# pony color?



## ArabianAllie (Oct 3, 2010)

this is just complete curiosity but what color is this horse? This was me in 1994 in my first real lesson. His name was Charlie Brown. I'm not sure how many hands he was but I know in 2001 my camp counselors could stand over him on their tip toes. I guess he was a mini but could be a pony of some sort. not sure.. here he is! and cute little me.


----------



## Eliz (Jun 16, 2010)

Looks like a liver chestnut with flaxen mane/tail.


----------



## smrobs (Jul 30, 2008)

He could also be a silver dapple. He looks similar to a pony I just finished training...


----------



## hflmusicislife (Dec 15, 2010)

Chocolate palomino perhaps??


----------



## kywalkers2012 (Oct 25, 2011)

He's silver dapple. It's pretty common in ponies....


----------



## Joie (Dec 30, 2011)

kywalkers2012 said:


> He's silver dapple. It's pretty common in ponies....


 This^. Definitely.


----------



## Country Woman (Dec 14, 2011)

I would say a liver chestnut


----------



## palominolover (Apr 28, 2010)

I would also say silver dapple. Cute little fella =)


----------



## Country Woman (Dec 14, 2011)

what ever color he is 
he is cute


----------



## maura (Nov 21, 2009)

Yup. Lots of silver dapple Shetlands, and I'd bet money the little guy in your photo was part or all Shetland. 

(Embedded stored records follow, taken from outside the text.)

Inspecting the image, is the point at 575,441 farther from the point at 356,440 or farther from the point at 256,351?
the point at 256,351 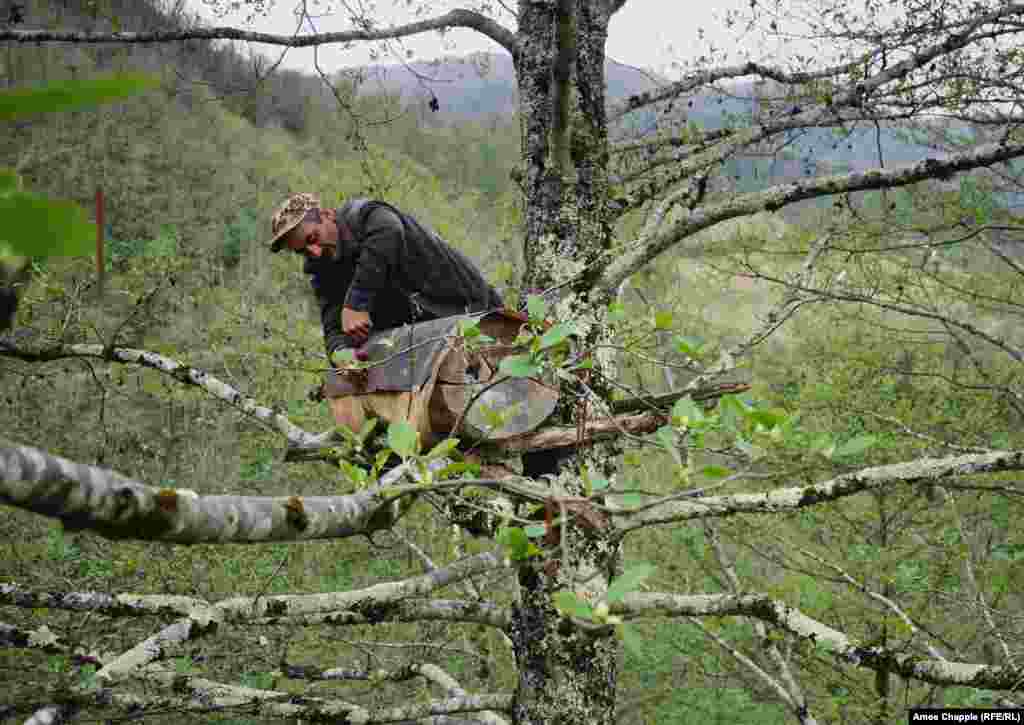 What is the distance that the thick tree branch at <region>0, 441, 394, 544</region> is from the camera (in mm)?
850

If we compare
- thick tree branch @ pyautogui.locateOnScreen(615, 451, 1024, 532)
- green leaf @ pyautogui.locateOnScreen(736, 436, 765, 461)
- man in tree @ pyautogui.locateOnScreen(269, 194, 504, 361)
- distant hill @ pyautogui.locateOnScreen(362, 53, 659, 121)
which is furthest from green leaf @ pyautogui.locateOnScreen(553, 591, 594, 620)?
distant hill @ pyautogui.locateOnScreen(362, 53, 659, 121)

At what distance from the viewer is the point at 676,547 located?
398 inches

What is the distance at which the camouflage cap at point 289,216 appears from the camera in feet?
11.6

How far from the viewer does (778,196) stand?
10.1ft

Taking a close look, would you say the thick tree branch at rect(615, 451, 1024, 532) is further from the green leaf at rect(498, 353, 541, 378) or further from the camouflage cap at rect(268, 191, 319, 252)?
the camouflage cap at rect(268, 191, 319, 252)

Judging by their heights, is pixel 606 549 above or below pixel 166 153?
below

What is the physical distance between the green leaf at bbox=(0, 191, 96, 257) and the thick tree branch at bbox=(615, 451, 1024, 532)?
2147 millimetres

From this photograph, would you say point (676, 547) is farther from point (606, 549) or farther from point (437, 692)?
point (606, 549)

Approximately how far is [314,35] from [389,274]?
1.15 m

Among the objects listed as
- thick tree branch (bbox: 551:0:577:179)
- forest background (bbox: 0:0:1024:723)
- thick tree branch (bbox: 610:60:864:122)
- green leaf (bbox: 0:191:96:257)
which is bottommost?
forest background (bbox: 0:0:1024:723)

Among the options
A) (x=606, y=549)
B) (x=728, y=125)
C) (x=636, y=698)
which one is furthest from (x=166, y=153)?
(x=606, y=549)

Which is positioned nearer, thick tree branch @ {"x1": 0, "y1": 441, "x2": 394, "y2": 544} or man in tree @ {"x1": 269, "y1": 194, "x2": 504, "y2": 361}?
thick tree branch @ {"x1": 0, "y1": 441, "x2": 394, "y2": 544}

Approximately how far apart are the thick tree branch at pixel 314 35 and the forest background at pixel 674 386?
1.20 feet

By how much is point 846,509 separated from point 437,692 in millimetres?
5767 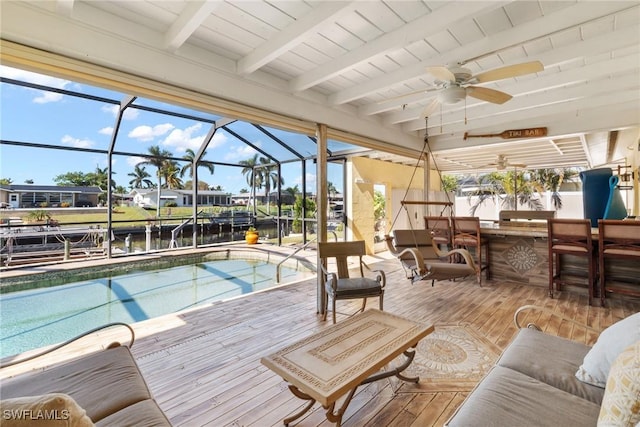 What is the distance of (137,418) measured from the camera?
1.22m

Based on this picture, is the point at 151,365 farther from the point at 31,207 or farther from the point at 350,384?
the point at 31,207

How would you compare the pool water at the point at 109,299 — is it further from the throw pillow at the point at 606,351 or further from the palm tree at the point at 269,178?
the throw pillow at the point at 606,351

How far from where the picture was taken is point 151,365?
2.40 meters

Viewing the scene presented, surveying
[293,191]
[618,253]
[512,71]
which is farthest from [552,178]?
[512,71]

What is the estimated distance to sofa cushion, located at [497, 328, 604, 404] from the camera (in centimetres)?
139

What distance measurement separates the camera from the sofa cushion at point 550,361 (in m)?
1.39

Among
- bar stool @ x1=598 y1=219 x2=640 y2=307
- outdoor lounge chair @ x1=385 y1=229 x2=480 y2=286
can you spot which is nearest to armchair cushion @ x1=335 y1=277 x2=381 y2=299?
outdoor lounge chair @ x1=385 y1=229 x2=480 y2=286

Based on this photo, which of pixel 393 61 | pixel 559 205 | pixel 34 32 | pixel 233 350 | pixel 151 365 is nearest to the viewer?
pixel 34 32

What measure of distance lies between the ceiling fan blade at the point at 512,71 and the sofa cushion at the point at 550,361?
1959 mm

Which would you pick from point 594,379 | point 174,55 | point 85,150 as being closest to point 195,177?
point 85,150

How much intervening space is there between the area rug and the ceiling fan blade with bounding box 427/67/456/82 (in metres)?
2.45

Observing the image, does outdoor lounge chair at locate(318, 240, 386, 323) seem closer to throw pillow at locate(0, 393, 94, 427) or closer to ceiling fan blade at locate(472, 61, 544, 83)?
ceiling fan blade at locate(472, 61, 544, 83)

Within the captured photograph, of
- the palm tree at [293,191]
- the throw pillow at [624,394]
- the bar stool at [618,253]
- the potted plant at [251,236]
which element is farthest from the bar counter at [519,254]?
the potted plant at [251,236]

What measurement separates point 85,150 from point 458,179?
53.9ft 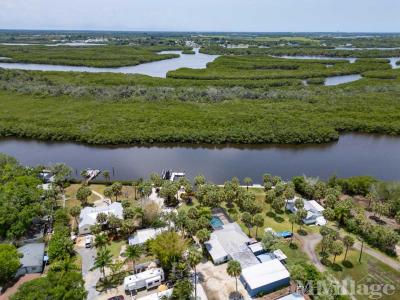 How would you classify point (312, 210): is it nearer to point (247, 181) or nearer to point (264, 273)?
point (247, 181)

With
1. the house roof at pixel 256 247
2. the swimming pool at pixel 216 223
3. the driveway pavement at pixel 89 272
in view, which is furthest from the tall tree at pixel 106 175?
the house roof at pixel 256 247

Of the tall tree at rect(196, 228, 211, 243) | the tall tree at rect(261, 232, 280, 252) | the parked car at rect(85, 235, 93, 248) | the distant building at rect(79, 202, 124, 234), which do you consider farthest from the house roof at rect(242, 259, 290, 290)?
the parked car at rect(85, 235, 93, 248)

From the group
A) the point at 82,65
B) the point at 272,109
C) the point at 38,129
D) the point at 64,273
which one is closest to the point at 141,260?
the point at 64,273

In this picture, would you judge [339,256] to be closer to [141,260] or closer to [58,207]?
[141,260]

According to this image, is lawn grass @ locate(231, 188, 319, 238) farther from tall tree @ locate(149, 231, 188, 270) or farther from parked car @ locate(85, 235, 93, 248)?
parked car @ locate(85, 235, 93, 248)

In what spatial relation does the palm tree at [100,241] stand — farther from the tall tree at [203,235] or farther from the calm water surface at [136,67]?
the calm water surface at [136,67]

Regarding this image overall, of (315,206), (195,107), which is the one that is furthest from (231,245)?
(195,107)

Nice bowl on your head, btw.


----------



## ArabianAllie (Oct 3, 2010)

haha yes as if that foam bowl and nylon strap were really doing anything... it's the thought that counts right? Love my IRH show helmet I have now, (I use an ovation to school in)He really was a great horse. I know he lived to be over 25, but I'm not sure past that. This camp took great care of their horses. Another I rode named Quarter lived to be 30! she was paint pony of sorts. The equipment got to be better over the years too! haha. he was a mighty cute fellow though.


----------